Friday, December 24, 2004

A good news, bad news joke
The good news is that after all of the brou-ha-has for sending troops into combat without proper equipment and failing to lift a personal finger to acknowledge their resulting deaths, Donald Rumsfeld has learned his lesson. The bad news is that the lesson he has learned is never to allow an unscripted moment to exist.

First the AP version:
MOSUL, Iraq -- The questions from the troops for Defense Secretary Donald H. Rumsfeld were considerably more friendly on his Christmas Eve visit to Iraq than they were on his previous trip to the region a couple of weeks ago.

"How do we win the war in the media?" asked one soldier in Mosul. Another soldier in Tikrit wondered why there is not more coverage of reconstruction efforts going on in the country.

"I guess what's news has to be bad news to get on the press," Rumsfeld responded to the first question - after supposing, with a big grin, "that does not sound like a question that was planted by the press."
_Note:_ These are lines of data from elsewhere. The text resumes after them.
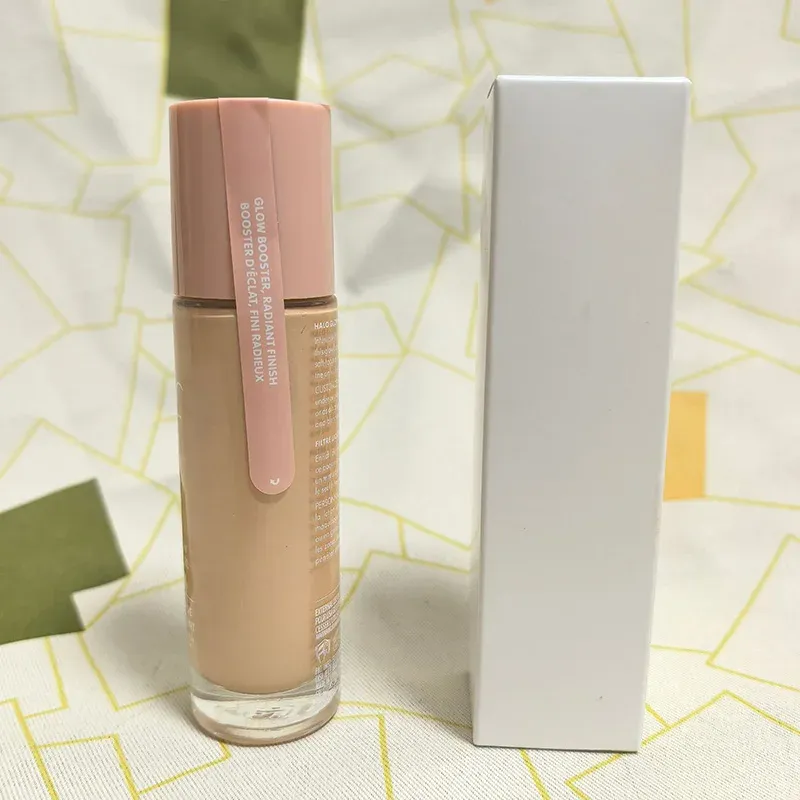 Hot Elf Primer Liquid Foundation for Flawless Face Makeup - Long-wearing, Moisturizing, Brightening, and Concealing Base for All Skin Types thumbnail 4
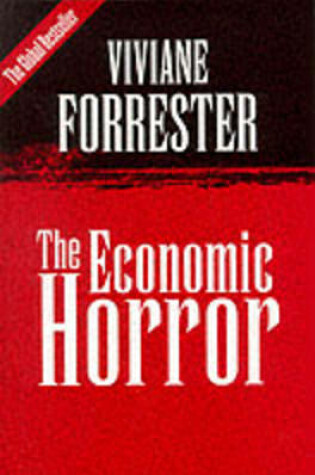 Cover of The Economic Horror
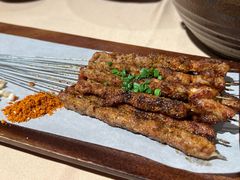 铁签烤肉10串（猪肉或牛肉）-山石榴·贵州菜(丰盛里店)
"We are a great country and we can benefit from having a free press," said Rumsfeld. "From time to time people can be concerned about it, but look where we've come as a country because we do have a free press."

The New York Times adds this:
"The purpose of the trip is to thank the troops and wish them a merry Christmas," Mr. Rumsfeld told reporters during the 12-hour overnight flight to Iraq from Washington, a trip that aids went to unusual lengths to keep secret. Only a few reporters and one television crew accompanied him.*

According to Armando at Kos, the one television crew was Fox (I believe Armondo is deducing this from the fact that he saw the Q&A with the troops on Fox airport cable news). Let's assume Armondo is correct.

After his last appearance, where troops asked difficult questions, and the following poopstorm over his remarkable insensitivity to the safety of the troops and mourning of their survivors, Sec. Rumsfeld has made a show of talking about the pain he feels for their sacrifices and how sad he is that no one appreciates that. He has followed his public show of sensitive new age guy (SNEG)-ness with a surprise visit to the survivors of a unit decimated by Halliburton contract failures. There, filmed only by a friendly propaganda agency news network, he was asked softball questions that might as well have been written by the administration.

Hmmm. In fact, the whole Q&A session sounds surprisingly like the staged "town hall" campaign events held for Bush all through this year. Okay, it's not surprising. Does anyone doubt that the troops and their questions were screened in advance? My only question is, how much was left to chance? Were they screened by their officers, in the expectation that careerist considerations would be enough to protect the administration from embarrassment, or was the whole thing scripted by the administration?

* This paragraph appears in my print copy of the New York Times story, but does not appear in the current online version.